101 クラン『冬景色」その3です。
「例えば、滝の大地の命の木の実、炎庭のトテン草、闇の迷宮のガリオスの書、どれも、人類を発展させる重要な物だ。だが、どの品も、そこにたどり着くまでが長すぎる。途中、強大な魔物もいる。今まではとてもじゃないが、安定供給など不可能だった。だが、『転移』があれば、不可能が可能になる。それにより大勢の人が助かるだろう。そんな可能性を秘めた空間術師を、一個人が独占するなど人類の損失だよ」
俺はヴァイスのどうでもいい話を聞き流しながら、いかにこの場を切り抜けるかを考えていた。
ヴァイスを含めて10人以上の冒険者。それも、おそらくは全員が上級……正直、厳しい。
何が厳しいって、互いの距離が一歩の間合いにあるのが、厳しい。
もう少し離れていたら、亜空間ボックスに籠城出来ていた。相手も、それを間違いなく警戒している。だから、露骨なまでに距離を縮めているんだろう。
じゃ、どうするか?
『転移』で逃げる。……無理だ。『転移』は亜空間ボックスを開くことの何倍も時間がかかる。
分身を召喚して時間を稼ぐ。……無理だ。武具も秘薬もない。右手の封印を解くのも、意識を集中して魔力を流さなきゃならないから、かなりの手間がかかる。
上級相手にそんな余裕はない。更に、分身を召喚するという事は、攻撃魔法を使うことと同義で即、開戦となるだろう。今の状況では無謀だ。

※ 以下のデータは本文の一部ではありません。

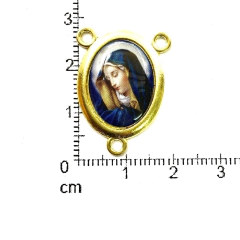 Dijes Religioso Niquel Con Dome X 5 Unidad ( ARG-10116/11N ) - comprar online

むしろ、こいつらはそれを待っているような気すらする。
それに、この至近距離で俺が素早く分身を召喚できるかという懸念もある。
俺は分身召喚だけに限ったら、そうとう速い。詠唱もなく一瞬で何人も召喚できる。
だが、それは後方で、差し迫った危機がない時の話。この状況で冷静に召喚できる自信がない。
少なくとも、少し前に、厄災で俺本人が剣を握ったときはそうだった。剣を振るか、召喚するか、どちらか一つしか出来なかった。どちらも出来るのはたわわちゃんぐらいのものだ。
(やべえ……詰んでるか、これ?)
非常にまずい。少なくとも絶対に安全な策が思い当たらない。
だが、同時に一度亜空間ボックスに逃げ込めばなんとでもなるという気がする。
こいつらが火龍より強い気がしない。
隙を作ればなんとかなる。それなら手がない訳じゃない。
今の状況では、分身を召喚することは難しい。だが、俺は既に分身を何人か召喚しているのだ。それを使えばいい。
別に、不測の事態に備えてあらかじめ召喚していたのだ! という訳じゃない。部屋の掃除だったり、紫煙花の世話だったりで召喚していたんだ。それを使う。まずは亜空間ボックスの中にいる、畑の世話をしている4人を武装させ、右手の封印をいつでも解けるように準備させた。また、部屋の中を移動する為の紋章を通して、フルルに伝言を使えることもできる。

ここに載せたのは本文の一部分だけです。